What the task requires :: From the line that contains "Geopende Still urn" through the line that contains "A downdraft induction", output every line of the listing below exactly and leave out all the rest.

============================================================

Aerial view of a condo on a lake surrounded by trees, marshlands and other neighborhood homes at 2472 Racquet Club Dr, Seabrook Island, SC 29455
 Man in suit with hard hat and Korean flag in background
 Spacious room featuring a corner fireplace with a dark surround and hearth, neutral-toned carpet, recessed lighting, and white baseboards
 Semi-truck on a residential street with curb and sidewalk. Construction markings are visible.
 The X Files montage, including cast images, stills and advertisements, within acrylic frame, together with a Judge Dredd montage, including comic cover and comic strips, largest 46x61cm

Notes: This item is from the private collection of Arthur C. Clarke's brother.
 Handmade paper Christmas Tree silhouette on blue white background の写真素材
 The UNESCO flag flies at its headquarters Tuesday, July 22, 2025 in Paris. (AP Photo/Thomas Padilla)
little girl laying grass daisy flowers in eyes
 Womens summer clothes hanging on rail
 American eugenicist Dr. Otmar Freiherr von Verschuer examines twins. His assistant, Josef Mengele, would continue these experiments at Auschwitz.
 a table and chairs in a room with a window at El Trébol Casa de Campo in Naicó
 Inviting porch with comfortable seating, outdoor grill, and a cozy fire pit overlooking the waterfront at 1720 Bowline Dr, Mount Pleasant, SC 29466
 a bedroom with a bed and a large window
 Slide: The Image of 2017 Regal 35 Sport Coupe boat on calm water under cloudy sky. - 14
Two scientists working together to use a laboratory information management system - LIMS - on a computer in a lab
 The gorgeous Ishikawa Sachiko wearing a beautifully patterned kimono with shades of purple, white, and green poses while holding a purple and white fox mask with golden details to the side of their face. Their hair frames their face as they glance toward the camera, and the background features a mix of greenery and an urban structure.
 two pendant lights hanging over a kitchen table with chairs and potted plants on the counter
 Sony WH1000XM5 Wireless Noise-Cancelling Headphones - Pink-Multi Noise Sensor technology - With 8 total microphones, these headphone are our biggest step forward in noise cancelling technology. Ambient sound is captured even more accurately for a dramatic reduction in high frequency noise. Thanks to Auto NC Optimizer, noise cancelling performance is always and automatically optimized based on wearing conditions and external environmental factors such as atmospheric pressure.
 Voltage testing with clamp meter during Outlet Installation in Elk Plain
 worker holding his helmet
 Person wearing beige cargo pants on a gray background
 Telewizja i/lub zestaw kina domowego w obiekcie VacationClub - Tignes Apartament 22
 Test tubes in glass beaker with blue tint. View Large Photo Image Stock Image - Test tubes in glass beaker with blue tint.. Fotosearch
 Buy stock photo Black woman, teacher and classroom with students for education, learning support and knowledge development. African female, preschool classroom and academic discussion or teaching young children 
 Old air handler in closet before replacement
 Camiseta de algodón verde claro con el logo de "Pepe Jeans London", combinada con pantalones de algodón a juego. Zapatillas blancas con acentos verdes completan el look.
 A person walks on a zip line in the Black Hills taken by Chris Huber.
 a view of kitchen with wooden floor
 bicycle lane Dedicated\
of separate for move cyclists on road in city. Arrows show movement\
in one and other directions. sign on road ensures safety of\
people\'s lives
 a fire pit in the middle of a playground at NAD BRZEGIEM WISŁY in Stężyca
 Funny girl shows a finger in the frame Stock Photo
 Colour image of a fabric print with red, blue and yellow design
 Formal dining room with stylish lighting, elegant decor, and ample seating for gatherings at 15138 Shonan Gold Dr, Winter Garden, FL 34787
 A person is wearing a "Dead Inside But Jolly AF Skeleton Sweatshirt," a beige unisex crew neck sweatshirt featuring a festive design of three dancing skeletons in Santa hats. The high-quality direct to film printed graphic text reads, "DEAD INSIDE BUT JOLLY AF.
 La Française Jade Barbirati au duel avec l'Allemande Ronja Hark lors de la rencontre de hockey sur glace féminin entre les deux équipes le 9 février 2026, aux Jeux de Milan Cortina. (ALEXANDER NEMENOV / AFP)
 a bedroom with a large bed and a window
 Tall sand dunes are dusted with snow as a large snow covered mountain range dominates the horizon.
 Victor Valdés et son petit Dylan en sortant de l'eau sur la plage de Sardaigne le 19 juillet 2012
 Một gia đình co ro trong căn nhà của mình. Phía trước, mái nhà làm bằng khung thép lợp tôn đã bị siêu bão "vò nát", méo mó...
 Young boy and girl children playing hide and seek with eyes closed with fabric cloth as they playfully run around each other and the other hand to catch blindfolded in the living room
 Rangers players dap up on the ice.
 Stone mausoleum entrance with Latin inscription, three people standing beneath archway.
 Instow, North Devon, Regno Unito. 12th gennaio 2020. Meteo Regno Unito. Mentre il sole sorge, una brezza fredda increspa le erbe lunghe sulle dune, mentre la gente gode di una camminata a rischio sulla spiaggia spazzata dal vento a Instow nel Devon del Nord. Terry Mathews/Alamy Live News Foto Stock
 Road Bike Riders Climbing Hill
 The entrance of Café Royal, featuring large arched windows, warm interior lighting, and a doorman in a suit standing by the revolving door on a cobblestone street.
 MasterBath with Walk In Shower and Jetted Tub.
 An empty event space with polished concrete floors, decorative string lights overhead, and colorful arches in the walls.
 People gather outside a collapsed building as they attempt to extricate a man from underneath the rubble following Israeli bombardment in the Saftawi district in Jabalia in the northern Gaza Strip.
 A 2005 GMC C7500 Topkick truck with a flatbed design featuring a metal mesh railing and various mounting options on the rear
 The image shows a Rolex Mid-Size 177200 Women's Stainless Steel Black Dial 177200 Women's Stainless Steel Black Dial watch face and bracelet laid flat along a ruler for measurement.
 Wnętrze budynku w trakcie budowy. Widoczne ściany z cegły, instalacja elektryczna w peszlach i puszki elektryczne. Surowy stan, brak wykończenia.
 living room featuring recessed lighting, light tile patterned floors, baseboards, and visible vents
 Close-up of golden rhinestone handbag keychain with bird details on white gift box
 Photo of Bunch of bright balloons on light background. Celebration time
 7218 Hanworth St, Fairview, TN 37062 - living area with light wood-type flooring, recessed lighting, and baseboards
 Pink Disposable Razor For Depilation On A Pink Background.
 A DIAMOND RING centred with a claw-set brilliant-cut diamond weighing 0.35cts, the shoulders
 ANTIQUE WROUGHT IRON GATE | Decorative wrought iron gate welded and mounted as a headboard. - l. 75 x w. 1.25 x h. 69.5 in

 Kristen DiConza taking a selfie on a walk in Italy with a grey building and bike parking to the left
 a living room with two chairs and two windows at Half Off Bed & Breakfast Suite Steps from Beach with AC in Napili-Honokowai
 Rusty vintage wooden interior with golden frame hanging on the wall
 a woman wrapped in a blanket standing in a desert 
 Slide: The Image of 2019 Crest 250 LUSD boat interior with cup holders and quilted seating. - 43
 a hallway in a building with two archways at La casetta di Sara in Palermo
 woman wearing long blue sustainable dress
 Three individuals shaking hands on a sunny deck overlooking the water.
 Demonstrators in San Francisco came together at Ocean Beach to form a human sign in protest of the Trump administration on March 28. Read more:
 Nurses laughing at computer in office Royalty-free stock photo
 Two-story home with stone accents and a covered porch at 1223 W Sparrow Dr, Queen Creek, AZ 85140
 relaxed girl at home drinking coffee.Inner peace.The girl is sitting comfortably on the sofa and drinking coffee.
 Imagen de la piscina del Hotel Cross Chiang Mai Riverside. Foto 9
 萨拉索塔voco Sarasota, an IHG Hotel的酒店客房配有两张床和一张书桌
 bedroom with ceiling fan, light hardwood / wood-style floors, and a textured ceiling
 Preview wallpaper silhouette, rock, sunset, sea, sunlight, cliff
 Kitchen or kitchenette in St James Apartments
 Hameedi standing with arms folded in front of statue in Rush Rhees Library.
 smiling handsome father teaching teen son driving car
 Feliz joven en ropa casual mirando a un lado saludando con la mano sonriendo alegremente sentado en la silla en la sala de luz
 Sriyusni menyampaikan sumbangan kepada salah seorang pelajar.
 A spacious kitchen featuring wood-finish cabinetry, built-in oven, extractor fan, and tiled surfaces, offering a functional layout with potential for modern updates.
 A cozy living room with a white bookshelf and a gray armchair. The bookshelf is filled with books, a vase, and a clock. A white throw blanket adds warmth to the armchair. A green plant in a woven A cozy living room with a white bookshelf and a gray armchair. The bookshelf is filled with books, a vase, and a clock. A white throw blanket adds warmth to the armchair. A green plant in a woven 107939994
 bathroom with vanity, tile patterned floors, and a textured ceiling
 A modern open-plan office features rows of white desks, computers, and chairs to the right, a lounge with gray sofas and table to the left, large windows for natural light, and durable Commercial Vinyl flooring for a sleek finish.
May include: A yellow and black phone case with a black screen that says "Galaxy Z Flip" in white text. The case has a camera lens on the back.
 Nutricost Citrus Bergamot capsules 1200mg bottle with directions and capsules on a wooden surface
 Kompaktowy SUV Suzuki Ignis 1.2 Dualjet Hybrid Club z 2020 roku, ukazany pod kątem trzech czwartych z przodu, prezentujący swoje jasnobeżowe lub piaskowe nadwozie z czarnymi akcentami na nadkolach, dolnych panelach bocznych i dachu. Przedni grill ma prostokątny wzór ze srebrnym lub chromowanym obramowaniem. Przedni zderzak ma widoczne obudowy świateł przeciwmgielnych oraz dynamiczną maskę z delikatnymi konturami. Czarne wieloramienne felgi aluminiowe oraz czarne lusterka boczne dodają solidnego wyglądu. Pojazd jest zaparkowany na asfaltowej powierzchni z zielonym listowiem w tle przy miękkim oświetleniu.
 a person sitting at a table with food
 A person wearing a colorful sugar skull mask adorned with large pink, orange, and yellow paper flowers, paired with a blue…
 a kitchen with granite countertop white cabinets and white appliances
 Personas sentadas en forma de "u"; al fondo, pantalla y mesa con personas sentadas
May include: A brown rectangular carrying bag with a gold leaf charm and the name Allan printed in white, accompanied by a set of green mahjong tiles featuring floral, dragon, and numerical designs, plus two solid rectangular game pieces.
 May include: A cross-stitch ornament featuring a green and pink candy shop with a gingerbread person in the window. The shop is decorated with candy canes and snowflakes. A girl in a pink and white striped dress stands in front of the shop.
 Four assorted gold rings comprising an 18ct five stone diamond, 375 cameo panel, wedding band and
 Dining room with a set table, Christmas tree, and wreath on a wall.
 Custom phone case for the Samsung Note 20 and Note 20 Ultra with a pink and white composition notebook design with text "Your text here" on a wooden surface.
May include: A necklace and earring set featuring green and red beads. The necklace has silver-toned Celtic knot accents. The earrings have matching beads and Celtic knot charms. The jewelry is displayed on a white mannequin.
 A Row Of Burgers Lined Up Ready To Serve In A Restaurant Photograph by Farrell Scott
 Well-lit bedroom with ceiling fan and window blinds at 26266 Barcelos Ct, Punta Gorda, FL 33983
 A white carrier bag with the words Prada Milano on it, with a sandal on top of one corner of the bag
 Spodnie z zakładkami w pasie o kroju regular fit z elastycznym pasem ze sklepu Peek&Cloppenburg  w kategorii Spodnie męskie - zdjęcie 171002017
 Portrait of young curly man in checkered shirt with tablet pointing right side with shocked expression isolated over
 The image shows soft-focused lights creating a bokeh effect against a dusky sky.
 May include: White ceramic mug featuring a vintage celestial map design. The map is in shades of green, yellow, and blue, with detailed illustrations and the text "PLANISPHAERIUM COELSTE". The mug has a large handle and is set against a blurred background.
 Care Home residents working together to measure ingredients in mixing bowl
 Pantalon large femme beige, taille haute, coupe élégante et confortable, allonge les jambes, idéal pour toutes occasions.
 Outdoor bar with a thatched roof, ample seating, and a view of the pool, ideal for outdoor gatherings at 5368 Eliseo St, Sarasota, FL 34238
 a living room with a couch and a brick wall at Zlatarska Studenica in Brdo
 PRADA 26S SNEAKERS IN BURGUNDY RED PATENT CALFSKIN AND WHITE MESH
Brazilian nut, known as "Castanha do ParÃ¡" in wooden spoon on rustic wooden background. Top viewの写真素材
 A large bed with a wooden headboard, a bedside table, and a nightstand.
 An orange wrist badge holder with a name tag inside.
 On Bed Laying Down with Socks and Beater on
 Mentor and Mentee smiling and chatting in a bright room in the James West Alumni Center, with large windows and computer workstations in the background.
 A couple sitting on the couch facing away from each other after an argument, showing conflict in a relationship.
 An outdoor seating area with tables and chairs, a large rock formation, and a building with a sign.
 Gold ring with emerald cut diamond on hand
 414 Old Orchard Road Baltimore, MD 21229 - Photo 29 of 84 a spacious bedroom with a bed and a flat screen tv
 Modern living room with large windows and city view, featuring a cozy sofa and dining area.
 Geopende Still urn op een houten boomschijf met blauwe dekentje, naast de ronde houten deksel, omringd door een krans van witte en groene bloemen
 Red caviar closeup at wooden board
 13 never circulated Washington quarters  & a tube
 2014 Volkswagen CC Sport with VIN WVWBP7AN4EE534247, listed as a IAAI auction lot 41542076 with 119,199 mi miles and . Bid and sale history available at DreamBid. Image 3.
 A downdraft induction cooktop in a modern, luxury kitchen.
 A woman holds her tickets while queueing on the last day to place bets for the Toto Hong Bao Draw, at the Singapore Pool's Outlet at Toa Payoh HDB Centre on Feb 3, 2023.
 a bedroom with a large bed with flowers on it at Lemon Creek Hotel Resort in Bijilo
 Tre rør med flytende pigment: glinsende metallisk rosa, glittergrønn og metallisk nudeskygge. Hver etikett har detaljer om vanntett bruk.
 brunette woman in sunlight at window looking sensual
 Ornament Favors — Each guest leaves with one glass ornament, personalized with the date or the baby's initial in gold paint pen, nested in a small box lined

============================================================

Answer to this task ::
 Geopende Still urn op een houten boomschijf met blauwe dekentje, naast de ronde houten deksel, omringd door een krans van witte en groene bloemen
 Red caviar closeup at wooden board
 13 never circulated Washington quarters  & a tube
 2014 Volkswagen CC Sport with VIN WVWBP7AN4EE534247, listed as a IAAI auction lot 41542076 with 119,199 mi miles and . Bid and sale history available at DreamBid. Image 3.
 A downdraft induction cooktop in a modern, luxury kitchen.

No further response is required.